● **Try it**
Return the run of lines below that opens with the line containing "658 Park Place" and closes with the line containing "My Homecare Chelmsford", keeping each one exact.

● **Stored data**
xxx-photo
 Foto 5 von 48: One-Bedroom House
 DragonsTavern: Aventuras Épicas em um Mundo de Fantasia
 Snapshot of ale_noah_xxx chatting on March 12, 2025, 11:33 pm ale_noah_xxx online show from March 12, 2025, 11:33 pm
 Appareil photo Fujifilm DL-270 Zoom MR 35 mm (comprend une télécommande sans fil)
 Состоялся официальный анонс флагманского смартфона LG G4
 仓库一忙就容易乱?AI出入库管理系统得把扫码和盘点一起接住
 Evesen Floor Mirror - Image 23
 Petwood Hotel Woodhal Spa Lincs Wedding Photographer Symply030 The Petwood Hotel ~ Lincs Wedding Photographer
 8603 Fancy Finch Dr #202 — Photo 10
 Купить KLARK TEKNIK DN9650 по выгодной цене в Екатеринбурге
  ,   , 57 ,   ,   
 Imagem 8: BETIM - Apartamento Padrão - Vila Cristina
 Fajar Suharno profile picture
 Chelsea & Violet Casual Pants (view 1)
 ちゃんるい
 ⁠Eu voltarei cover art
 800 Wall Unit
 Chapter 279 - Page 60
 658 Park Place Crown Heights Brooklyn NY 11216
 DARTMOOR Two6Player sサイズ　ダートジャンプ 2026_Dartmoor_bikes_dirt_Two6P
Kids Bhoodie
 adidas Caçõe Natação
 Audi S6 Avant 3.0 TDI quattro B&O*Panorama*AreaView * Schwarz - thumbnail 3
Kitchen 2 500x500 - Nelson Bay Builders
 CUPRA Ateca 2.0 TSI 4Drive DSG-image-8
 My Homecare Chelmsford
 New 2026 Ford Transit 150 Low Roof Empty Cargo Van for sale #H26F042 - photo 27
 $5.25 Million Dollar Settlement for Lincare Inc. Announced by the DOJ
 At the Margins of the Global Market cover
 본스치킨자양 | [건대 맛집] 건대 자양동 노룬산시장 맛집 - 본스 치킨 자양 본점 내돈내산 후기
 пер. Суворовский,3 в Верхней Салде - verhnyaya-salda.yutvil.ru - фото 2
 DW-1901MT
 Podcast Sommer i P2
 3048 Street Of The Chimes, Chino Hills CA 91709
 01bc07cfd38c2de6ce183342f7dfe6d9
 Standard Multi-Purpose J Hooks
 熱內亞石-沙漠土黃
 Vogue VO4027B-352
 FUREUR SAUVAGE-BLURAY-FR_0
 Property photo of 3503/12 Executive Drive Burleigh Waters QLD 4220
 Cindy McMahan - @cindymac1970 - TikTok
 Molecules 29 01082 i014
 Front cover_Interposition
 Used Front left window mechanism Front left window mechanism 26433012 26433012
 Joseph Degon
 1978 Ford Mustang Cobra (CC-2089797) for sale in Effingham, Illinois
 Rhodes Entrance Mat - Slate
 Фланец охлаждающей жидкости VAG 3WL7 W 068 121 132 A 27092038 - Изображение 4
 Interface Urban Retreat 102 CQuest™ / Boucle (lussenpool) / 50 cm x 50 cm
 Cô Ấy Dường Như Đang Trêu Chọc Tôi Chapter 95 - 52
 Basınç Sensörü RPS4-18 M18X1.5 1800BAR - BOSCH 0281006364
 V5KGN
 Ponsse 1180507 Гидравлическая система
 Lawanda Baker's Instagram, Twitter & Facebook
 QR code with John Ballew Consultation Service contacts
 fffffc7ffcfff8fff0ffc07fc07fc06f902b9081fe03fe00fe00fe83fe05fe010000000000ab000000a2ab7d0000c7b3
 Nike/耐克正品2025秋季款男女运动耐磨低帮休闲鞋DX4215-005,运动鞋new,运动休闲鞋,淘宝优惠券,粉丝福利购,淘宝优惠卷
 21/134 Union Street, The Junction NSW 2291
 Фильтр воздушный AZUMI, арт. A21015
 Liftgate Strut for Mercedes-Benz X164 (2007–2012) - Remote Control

● **Solved exercise**
 658 Park Place Crown Heights Brooklyn NY 11216
 DARTMOOR Two6Player sサイズ　ダートジャンプ 2026_Dartmoor_bikes_dirt_Two6P
Kids Bhoodie
 adidas Caçõe Natação
 Audi S6 Avant 3.0 TDI quattro B&O*Panorama*AreaView * Schwarz - thumbnail 3
Kitchen 2 500x500 - Nelson Bay Builders
 CUPRA Ateca 2.0 TSI 4Drive DSG-image-8
 My Homecare Chelmsford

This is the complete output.